11 Exploring Data
SLIDE DECKS
Some of the material presented in this chapter will be discussed in class. It is your responsibility to ensure you cover all the concepts presented both in class and in this textbook.
Often, students and researchers want to dive into data analysis as soon as they get their hands on a data set. However, this is not good practice. It’s much better to take a step back and review the data set, understand what it contains, how it was collected, how much was collected, etc. It’s common practice to describe the meta-data (or data about the data) whenever you are initially writing up a Data Science study. Meta-data provides context to anyone who wants to review the work you are doing, and they also provide you with information to determine how you might want to analyze the data.

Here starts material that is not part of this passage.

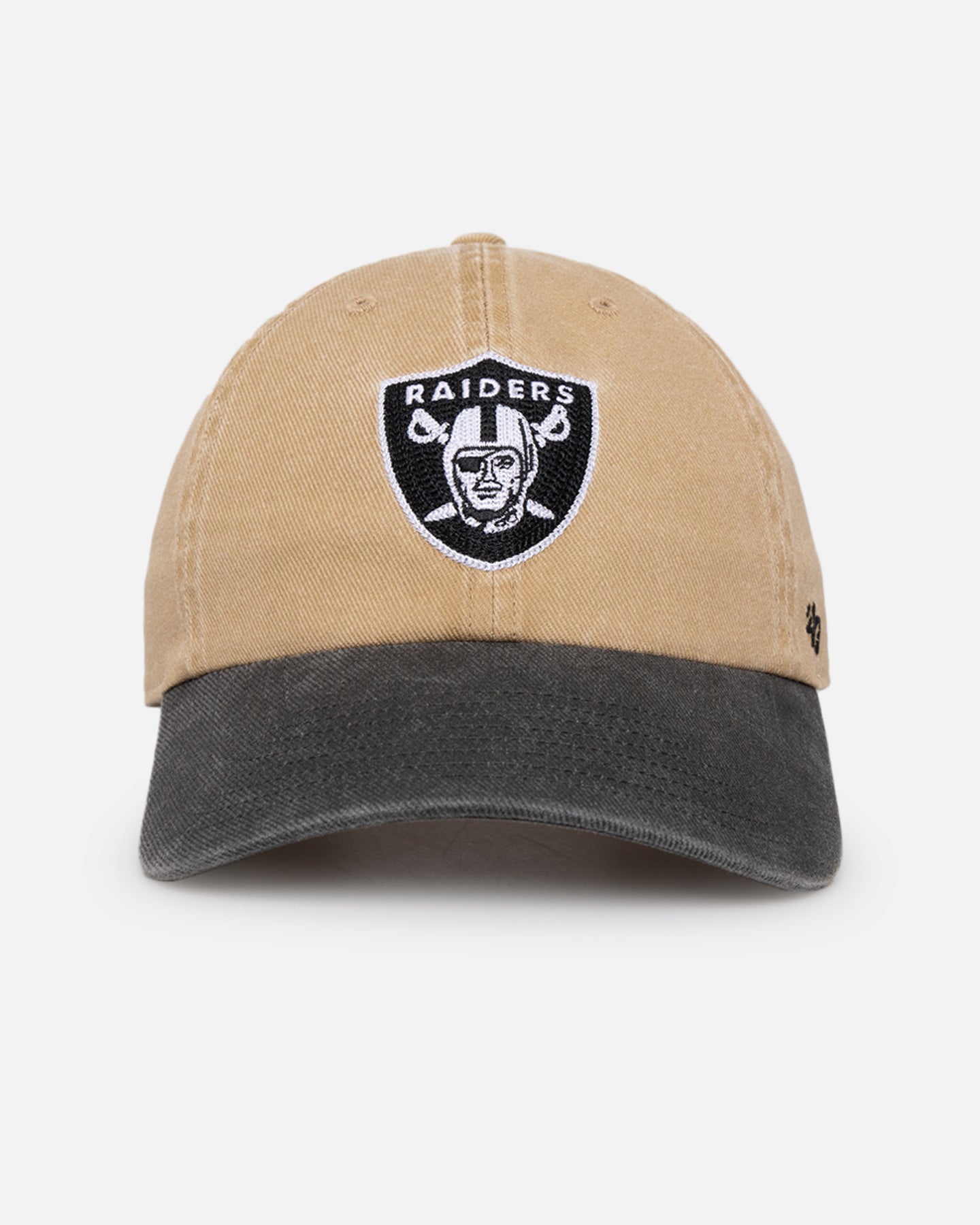 47 Brand Las Vegas Raiders 'Apollo Chain' 47 Clean Up Strapback Khaki Adjustable Hat - Official NFL Licensed Snapback for Men & Women - Perfect for Game Day, Tailgating & Sports Fan Gifts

In the following paragraphs, we’ll consider some of the questions you should consider whenever you begin working with a data set (particularly for the first time), and then we’ll provide a few specific terms that we can use to help describe the data.
Why is this important? As part of our responsibility, we must be able to describe the work we do in a manner that allows it to be reproduced by another researcher. If we can’t write in a way that provides other researchers with sufficient information to reproduce the work we did, then our work isn’t reproducible – which is a cornerstone of science!

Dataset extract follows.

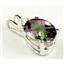 925 Sterling Silver Pendant, Mystic Fire Topaz, SP020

Things To Ask About Your Data
The following questions can help you begin to contextualize the data you are working with:
- How much data do you have? How many records are in your data set? Is it one data set, or more? If more, how are they connected? If they are merged, how does this affect the size?
- Where did the data come from? Who collected it? What tool was used to gather it? What geographical locations were involved?

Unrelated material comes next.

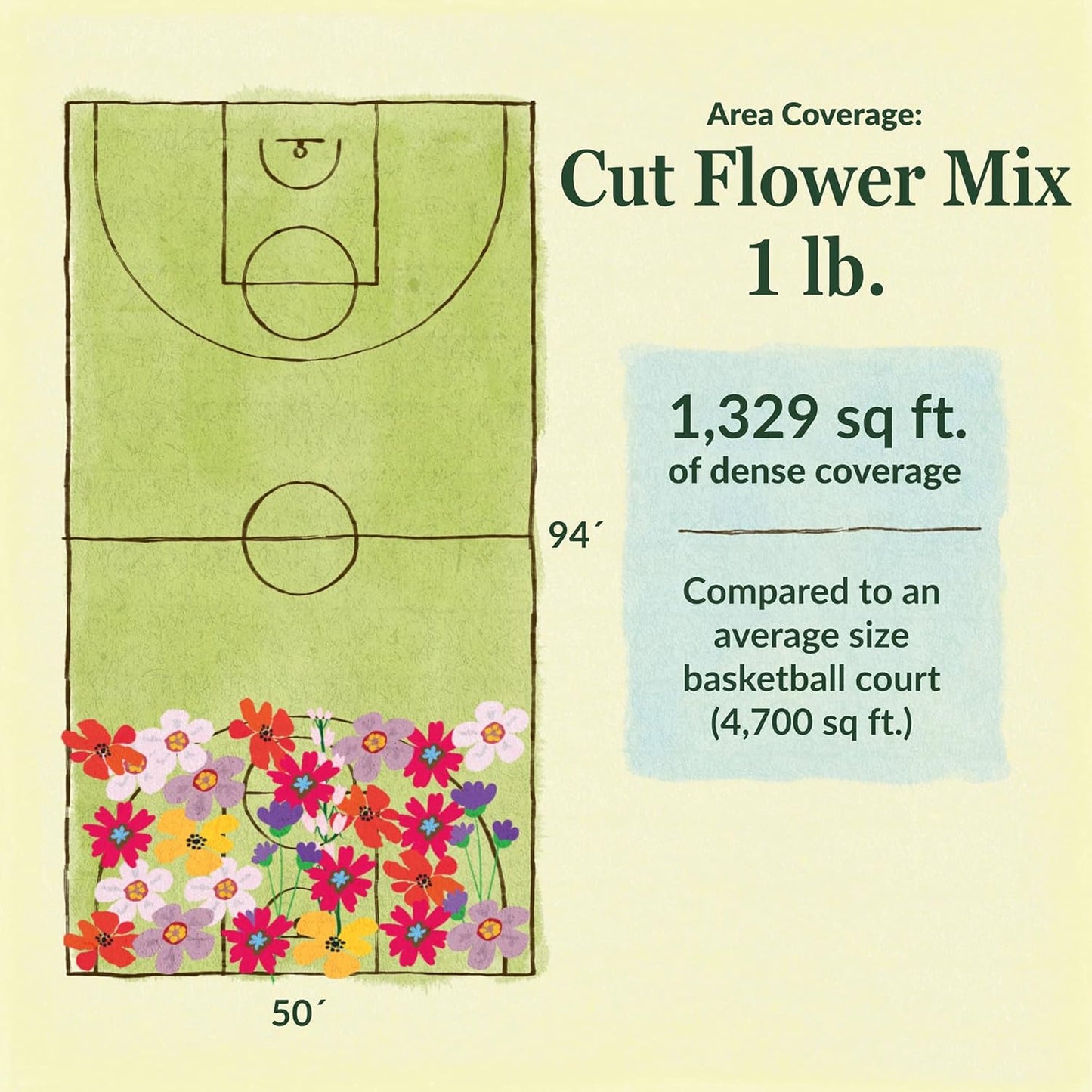 Ferry-Morse Cut Flower Mix Bulk Wildflower Seeds, 1lb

- When were the data collected? Is there a time-dependency to the responses? Is it longitudinal?
- What kinds of data are present? What are the relevant variables/columns?
- Are data missing? If so, are they missing for obvious reasons? Is there a pattern to the missingness? Are missing data the same as 0 (zero) data? Are not applicable data the same as “I choose not to answer”?
- Do the data have bounds? Are they limited to a specific range? Are the responses restricted to a set of pre-determined responses?
- Do the data have limitations?
- Is it possible that different columns are related?
- Is it possible that different rows are related?
- Are these possible relationships relevant?
How Do We Describe Data?
Fortunately, there is a standard language used to describe data.
- Quantitative vs. Qualitative: Quantitative data are numbers, things that can be measured and are often objective. Qualitative data are labels, stories, words, descriptions, and things that are described and are often subjective. Quantitative data could be converted to label/qualitative data.
- Ordinal vs. Nominal: Ordinal data are those data that can be ordered, whereas nominal data can’t. For example, you can’t order the labels “Canada”, “Indonesia”, and “Malawi”. You can, however, order the numbers 1, 3, 6, 21, and 99.
- Countable vs. Uncountable: Countable data are those where the list of possible responses can be labelled with a unique integer. Uncountable data can not be labelled by the integers.
- Finite vs. Infinite: Finite data are those that consist of N distinct items. Infinite data is a list of potential responses that go on forever. In the former case, the outcomes from rolling a pair of dice and adding the role up are finite. There are only so many outcomes that are possible.
- Continuous vs. Discrete: Discrete data are those which have a countable set of labels that can be used to classify the data. Continuous data would require an uncountable set of labels to classify the data.
It’s important to note that qualitative data can be both ordinal and nominal. For example, an ordinal but qualitative data set might have responses of small, medium, and large. Additionally, countable data can be finite or infinite. For example, the outcomes of the role of a pair of dice are finite and countable, but the integers themselves are infinite and countable.